BEGIN RECORDS FOR THIS TASK

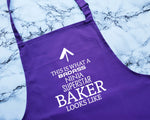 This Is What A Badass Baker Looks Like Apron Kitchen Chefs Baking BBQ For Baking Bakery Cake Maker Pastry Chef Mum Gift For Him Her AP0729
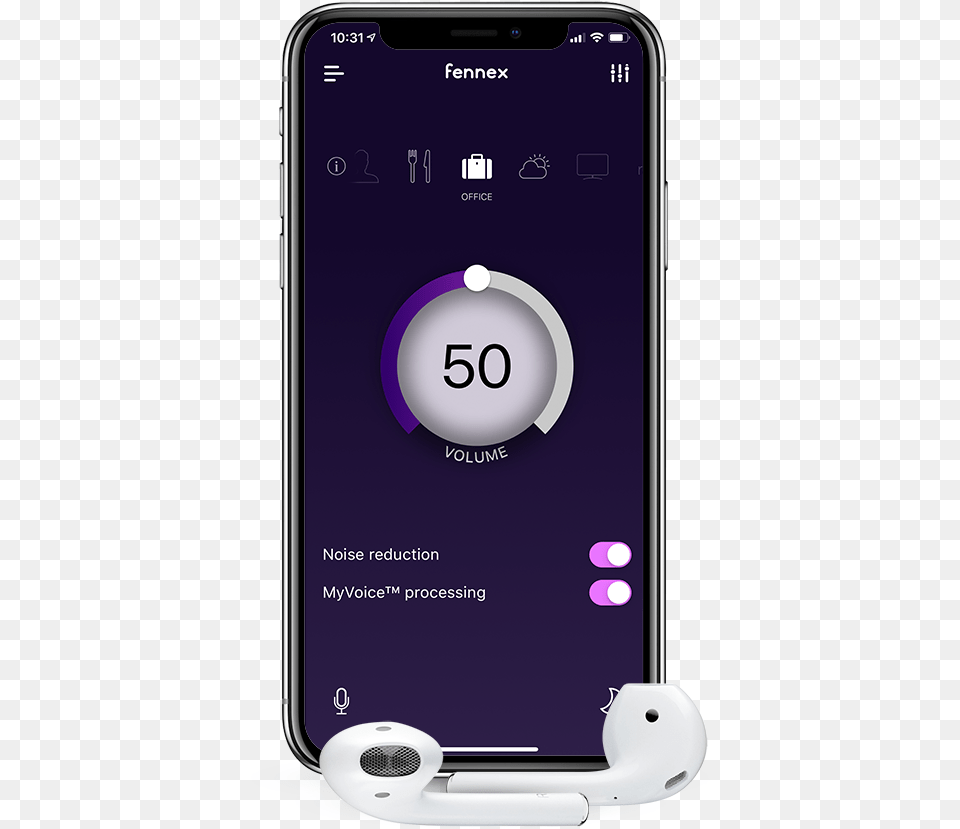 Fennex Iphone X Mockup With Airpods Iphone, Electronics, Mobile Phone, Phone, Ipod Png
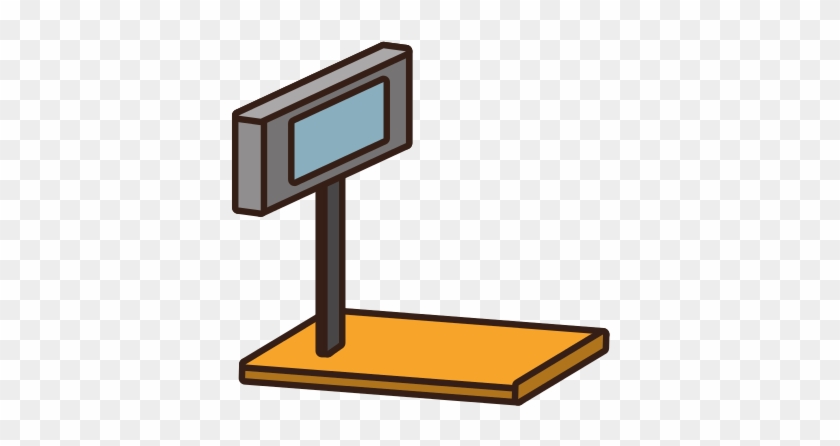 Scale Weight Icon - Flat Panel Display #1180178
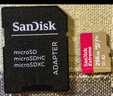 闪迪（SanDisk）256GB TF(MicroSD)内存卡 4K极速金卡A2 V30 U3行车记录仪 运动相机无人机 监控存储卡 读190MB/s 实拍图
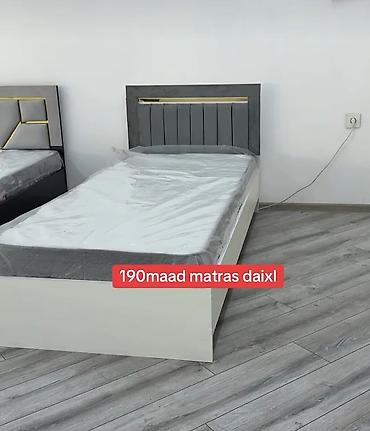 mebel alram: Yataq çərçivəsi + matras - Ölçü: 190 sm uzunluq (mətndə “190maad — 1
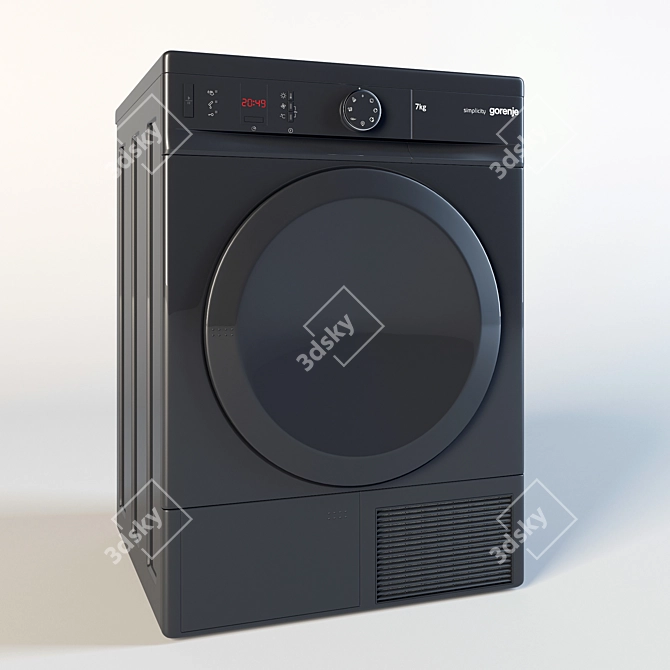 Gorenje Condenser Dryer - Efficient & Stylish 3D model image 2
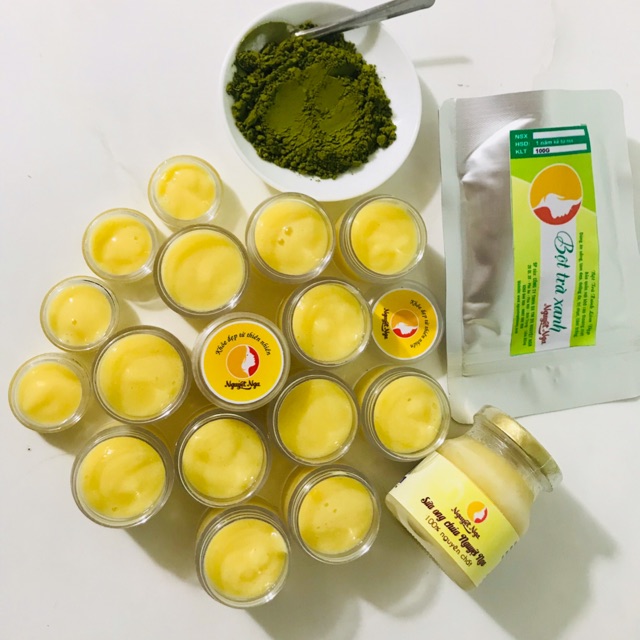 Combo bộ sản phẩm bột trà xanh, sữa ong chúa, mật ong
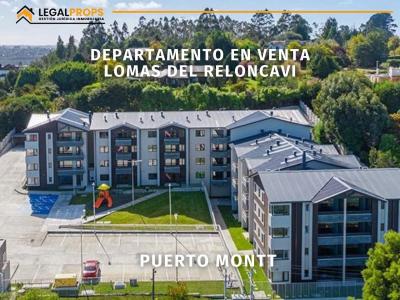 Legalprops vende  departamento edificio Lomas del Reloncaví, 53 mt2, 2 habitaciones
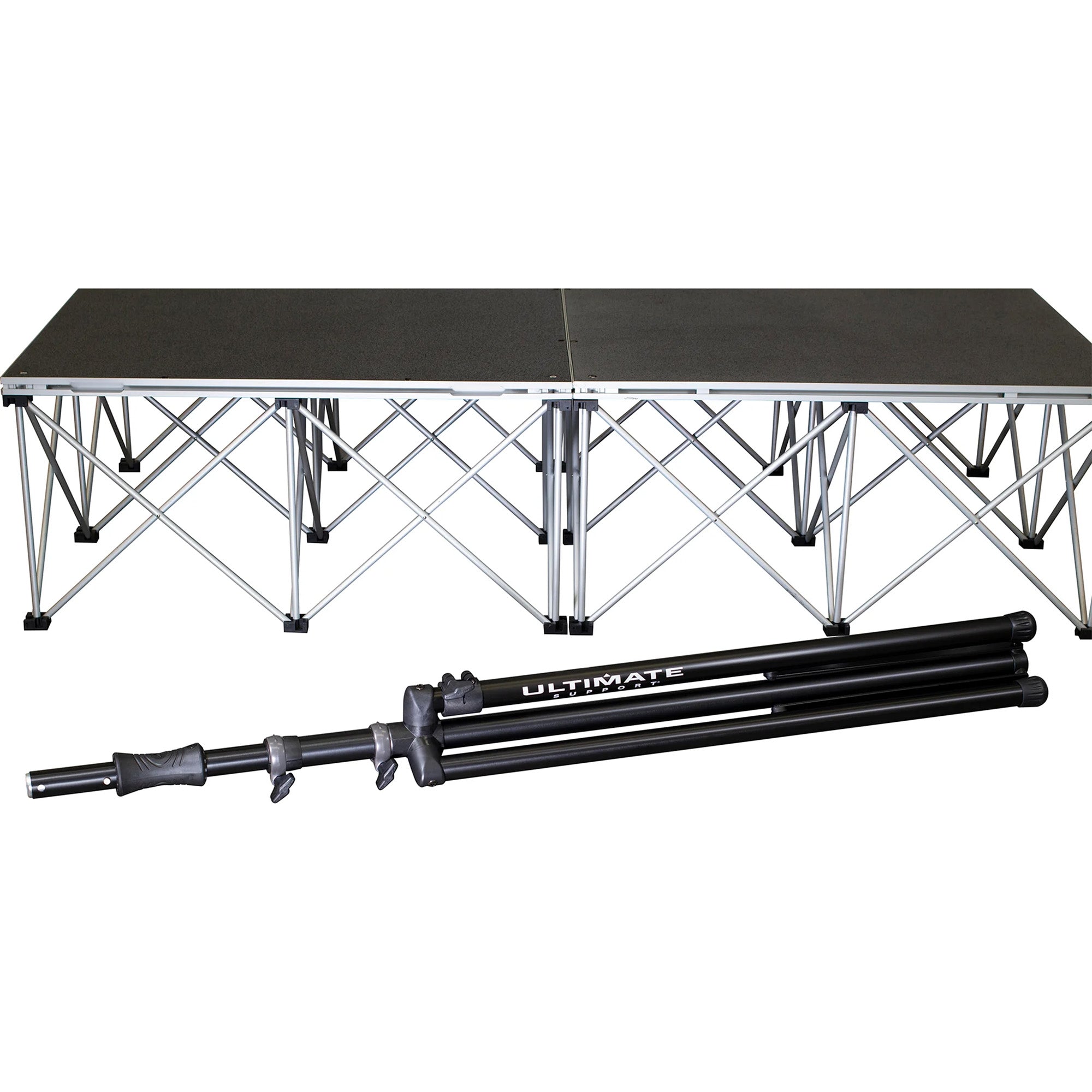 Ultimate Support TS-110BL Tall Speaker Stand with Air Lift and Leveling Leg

END RECORDS FOR THIS TASK

YOUR TASK: Give back only the lines from the one that carries "mebel alram: Yataq" through the final line above, both included. Drop all pictures.

YOUR RESPONSE:
 mebel alram: Yataq çərçivəsi + matras - Ölçü: 190 sm uzunluq (mətndə “190maad — 1
 Gorenje Condenser Dryer - Efficient & Stylish 3D model image 2
 Combo bộ sản phẩm bột trà xanh, sữa ong chúa, mật ong
 Legalprops vende  departamento edificio Lomas del Reloncaví, 53 mt2, 2 habitaciones
 Ultimate Support TS-110BL Tall Speaker Stand with Air Lift and Leveling Leg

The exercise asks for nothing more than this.